This is new Le Virtu chef Joseph Voller’s first La Panarda, and the sixth for the restaurant’s owners, Francis Cratil-Cretarola and Cathy Lee. The couple got Voller up to speed on the cuisine of Italy’s Abruzzo region with a research trip through southern Italy shortly after Voller joined the restaurant, replacing Joe Cicala.

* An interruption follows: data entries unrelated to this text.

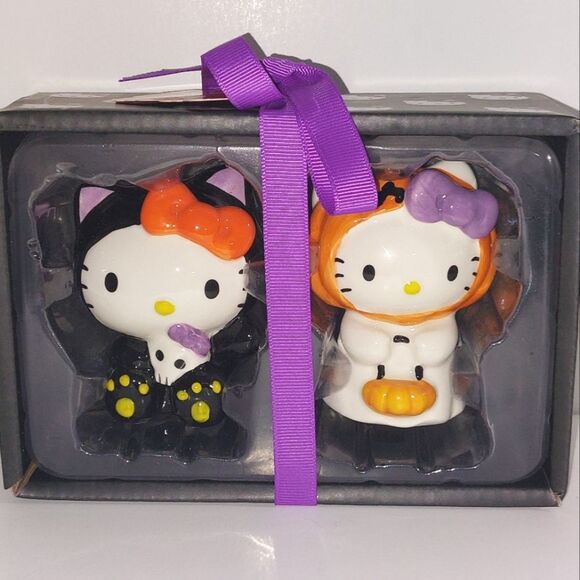 Sanrio Hello Kitty Halloween Hand Crafted Hand Painted Salt & Pepper Shakers - Picture 2 of 11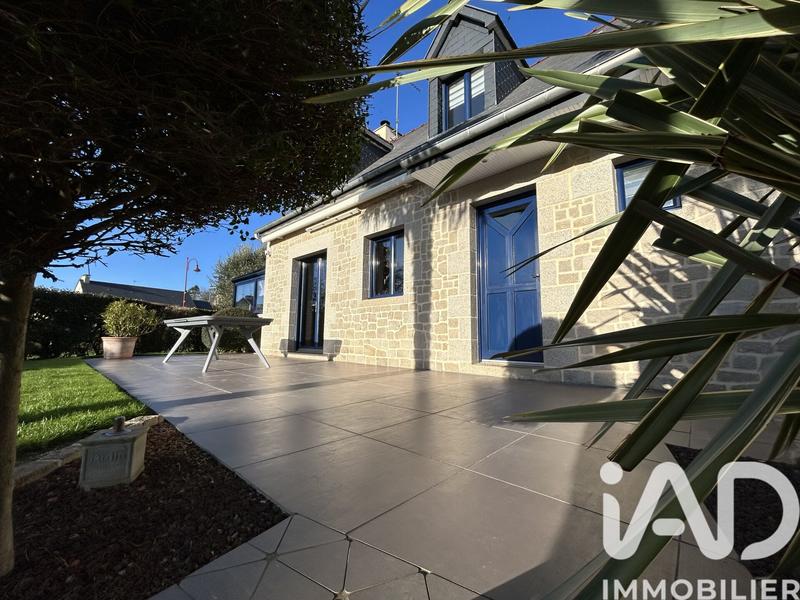 Maison - 180 m² - 8 pièces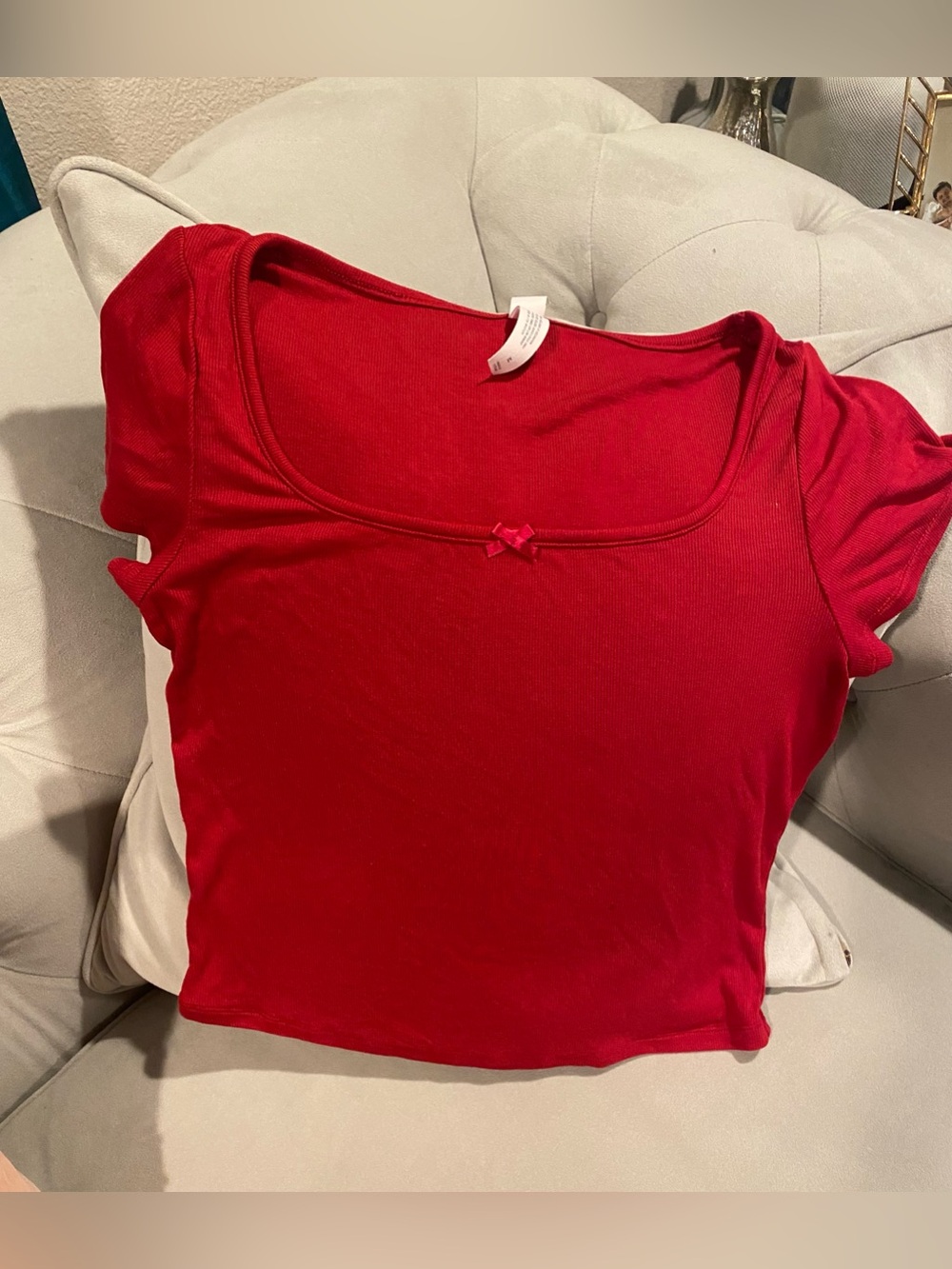 Auden Red Scoop Neck Short Sleeve Top with Bow size Medium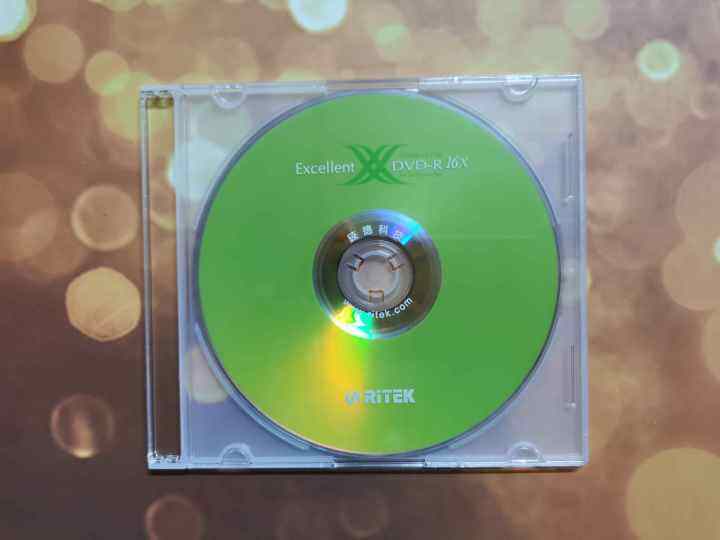 กล่องเปล่าใส่แผ่น-cd-dvd-slim-ขาวใส-ขนาดมาตรฐาน-หนา-5-0-mm-แพ็คละ-4-แผ่น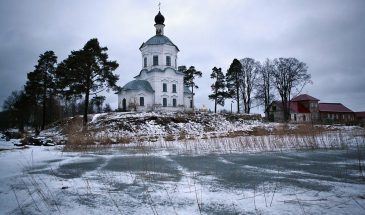 Народные традиции 26 октября: праздник Иверской иконы Божьей матери и забытые ритуалы исцеления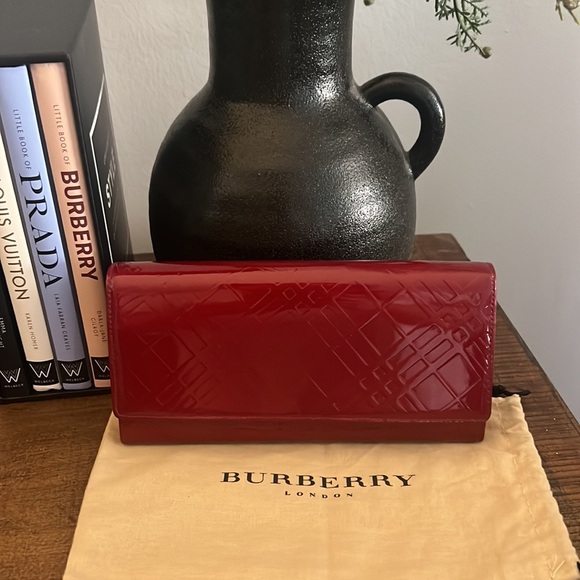 Burberry Kisslock Wallet (With COA) - Picture 1 of 13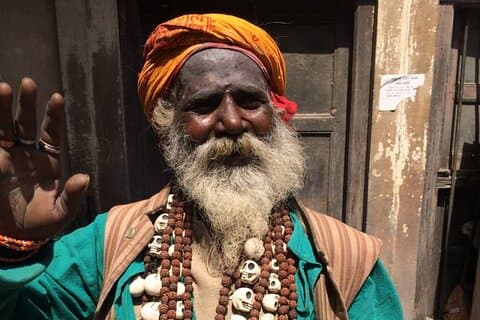 Entre la vida y la muerte El mundo oculto de los Aghori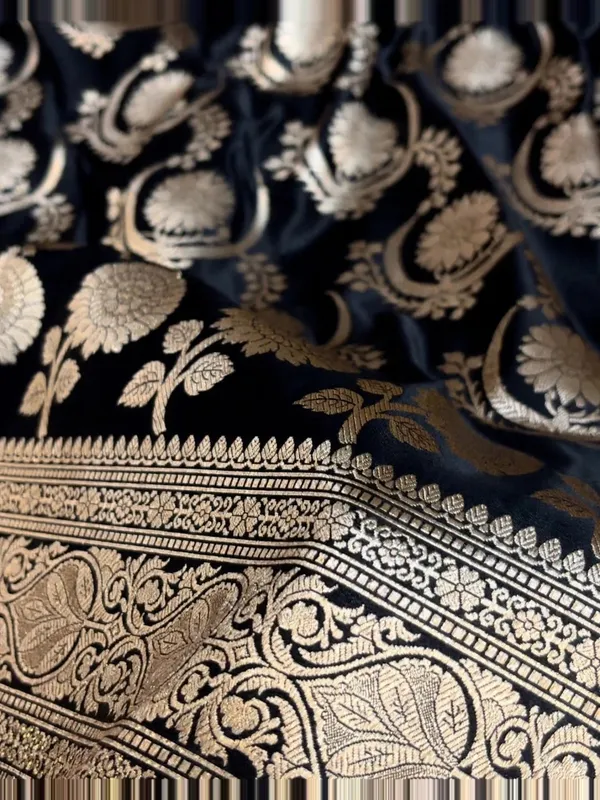 Ambar_Mashru_Katan_Silk_Heavy_Floral_Buta_Saree_Black
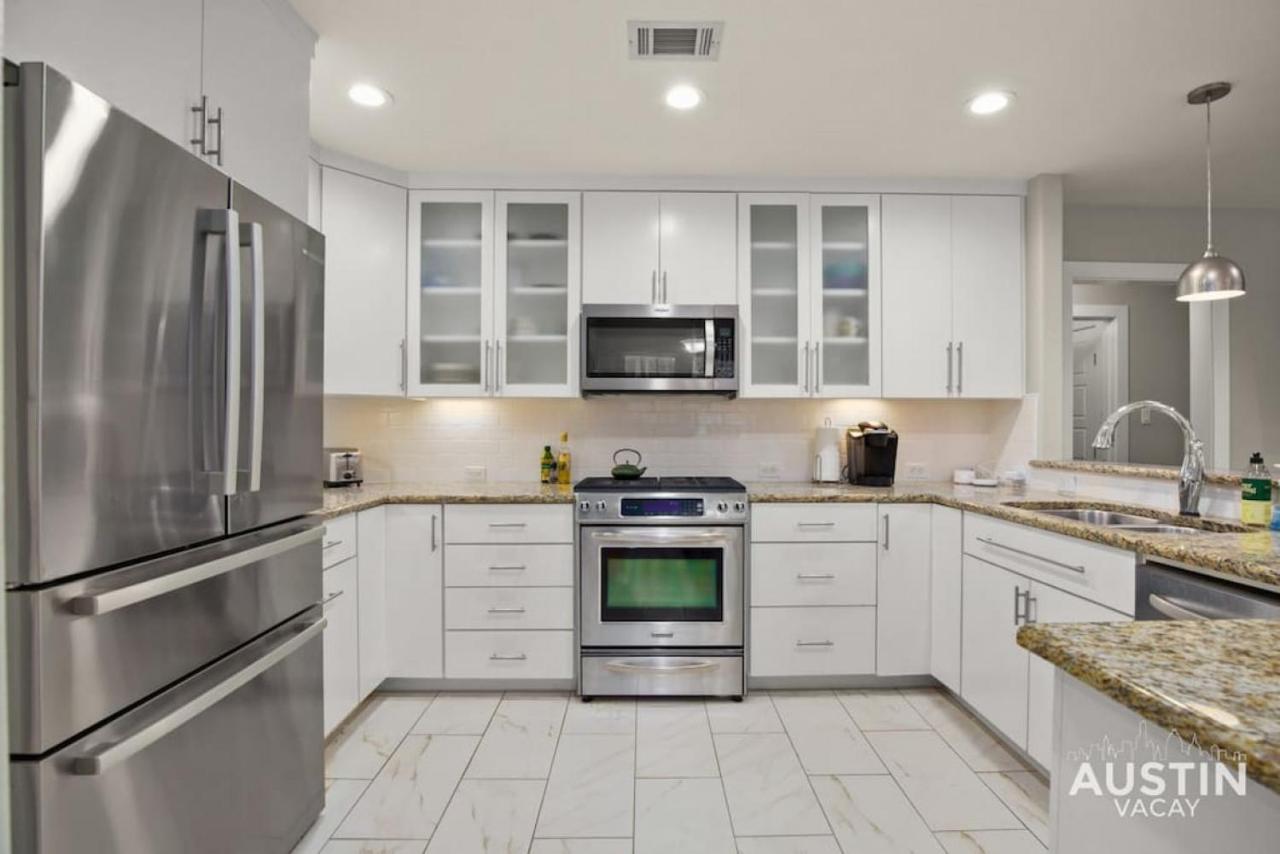 Gorgeous Home in Heart of Zilker with Full Kitchen - 2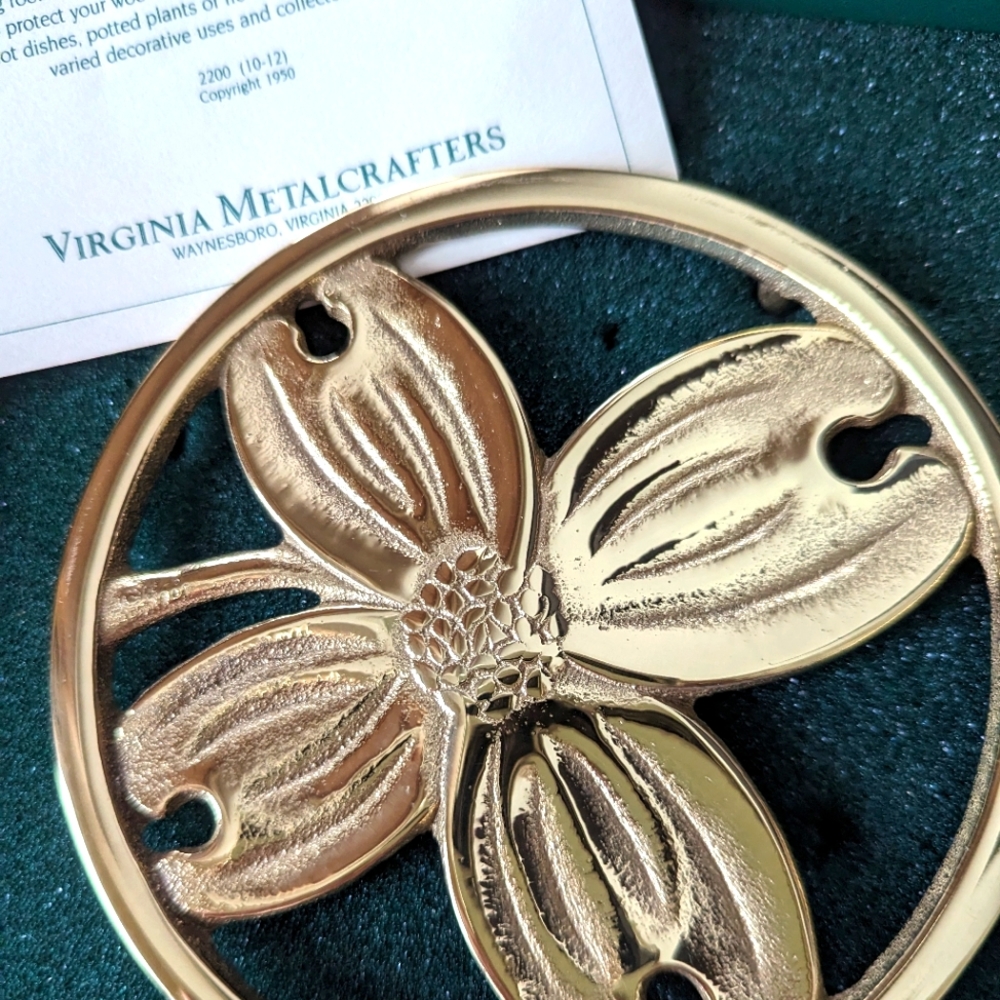 Virginia Metalcrafters dogwood trivet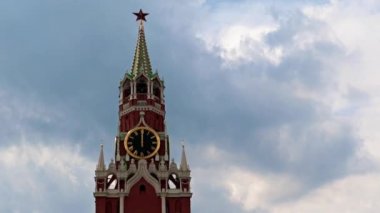 Saatin üzerindeki eller Moskova Kremlin Rusya 'nın Spasskaya Kulesi' ne bakıyor.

The over-the-top meal is modeled after one in the Italian town of Villavallelonga, which, according to Le Virtu, has been taking place since 1657. Expect a staggering number of dishes, all examples of Abruzzese cuisine. Here’s the preliminary list:

  • Stuzzichini, or small bites, such as olive all’Ascolana and grilled sardines
  • Salumi e formaggi, such as Pecorini, including traditional canestrato year-aged without oxygen, brigantaccio, and muffato, a blue-cheese style, and 12-, 24-, and 36-month aged Parmigiano cheeses
  • Raw and crudo, such as fluke with olive and fennel, bay scallop with chili and lemon, and venison carpaccio with arugula, grana and lemon
  • Antipasti, such as grilled baby octopus and fegato, duck liver mousse with Amarena cherry and celery root
  • Primi, such as rock shrimp gnocchi with prosciutto and “overnight” tomato, mugnaia with lamb ragu, lamb polpette and pecorino, and timballo with smoked eggplant, quadrello, bufala taleggio, crepes and cardoon besciamella
  • Seafood, such as brodetto vastese with monkfish, clams and mussels and braised scungilli with button mushrooms and parsley salsa verde
  • Offal, game, and ferments, such as tripe parmigiana with polenta, mazzarelle (lamb offal in wrapped in grape leaves), and spiedini of grilled duck hearts in agrodolce
  • Meats and roasts, such as suckling porchetta with fennel pollen and potato, capretto (whole roasted baby goat), and “salt lamb” — baby lamb raised on the coast and fed on seaweed and marsh grasses, with sausage stuffing
  • Dessert, such as chocolate olive oil cake with pistachio cannoli cream, lu parrozz, a traditional almond flour and citrus cake, and buttermilk panna cotta with brown butter cake and seasonal fruits

The wines are also from Abruzzo. Ambitious eaters who want in on the 40-plus courses should make reservations now. This will sell out.

This meal is not for the faint of heart (or stomach)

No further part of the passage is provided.